Crafter's Fortune is a level 1 spell that speeds up mundane crafting, and may let someone reliably make a check without any ranks invested in the skill at all by boosting their bonus enough.

Expeditious Excavation is the lowest level spell that will dig you a ditch or allow you to start digging a pit, such as for a basement or to lay a foundation. Admittedly, given you can only do it a few times a day, even at higher levels, mooks with shovels are probably faster.

Incendiary Runes is the lowest level spell that creates a permanent spell trap. Works great along with things like a necklace of fireballs or casks of gunpowder. Weak damage in and of itself, but it has no save, so it's nice against weak things, but does tend to work better as a trigger for even worse things to happen or to light a fuse.

Obsidian Flow can give you basic 1d6 damage spikes at the bottom of a pit trap without having to spend any money. It also lets you create permanent areas of difficult terrain wherever you want, you just have to break line of effect by covering up areas of the ground you don't want to be difficult terrain within the spell's AoE. Or you could just re-smooth the ground in selected areas if you didn't want to leave it all as difficult terrain. Said difficult terrain can combine well with other hazards and traps.

Stone Shape can let you join sections of stone together seamlessly without needing mortar. Given that one of the kinds of walls that Expeditious Construction creates is mortarless stone, you can use Stoneshape to make those walls more solid, or at least one solid piece even if they're not able to bear loads better.

Depending upon how your GM interprets things, Stone Shape may work on obsidian, allowing you to use Obsidian Flow to create something other than the generic loose stone created by Expeditious Construction.
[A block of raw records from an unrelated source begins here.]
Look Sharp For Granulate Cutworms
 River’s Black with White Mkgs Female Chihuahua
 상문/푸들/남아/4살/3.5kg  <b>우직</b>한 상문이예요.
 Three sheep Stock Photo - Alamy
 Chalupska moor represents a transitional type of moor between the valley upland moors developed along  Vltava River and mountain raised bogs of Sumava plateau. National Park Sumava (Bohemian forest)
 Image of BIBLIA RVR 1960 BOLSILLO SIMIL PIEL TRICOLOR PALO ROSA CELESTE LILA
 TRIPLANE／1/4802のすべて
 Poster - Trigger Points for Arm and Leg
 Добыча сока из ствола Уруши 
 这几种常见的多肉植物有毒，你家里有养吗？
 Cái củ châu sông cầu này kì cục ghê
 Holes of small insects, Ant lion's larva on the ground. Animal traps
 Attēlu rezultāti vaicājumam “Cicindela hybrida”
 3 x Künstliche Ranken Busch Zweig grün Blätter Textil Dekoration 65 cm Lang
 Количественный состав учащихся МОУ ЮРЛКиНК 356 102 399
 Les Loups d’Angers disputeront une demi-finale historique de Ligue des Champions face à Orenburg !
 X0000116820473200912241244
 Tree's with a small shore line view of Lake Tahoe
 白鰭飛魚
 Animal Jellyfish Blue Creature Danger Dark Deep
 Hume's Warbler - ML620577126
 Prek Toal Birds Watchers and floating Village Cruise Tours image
If so, you could use it to make some cheap jewelry and the like to potentially use as bait, especially if you used it to pad out some actual treasure or some of those fake shiny coins that kobolds make as lures.

Wood Shape could let you make individual sections of palisade a bit faster, I suppose, or make lattices, grates, and so on and so forth. Can combo with Transfiguring Touch.

Climbing Beanstalk is the lowest level way to make relatively short ladders. Probably better off just making them the old-fashioned way or using Fabricate unless you're going for the aesthetic.

Unseen Engineers will let you make traps very, very quickly. It may also allow you to dig deep, wide pits and trenches in a matter of rounds.

Layering things like compressed earth, stone, and metal will not only make walls more resistant to spells like Disintegrate, as it requires them to punch through multiple layers of material, but it will also limit the number of different kinds of creatures that can get through them, it'll even stymie Earth Glide due to the metal. As would something like wood or something like water, come to think of it, if you could keep them there and intact.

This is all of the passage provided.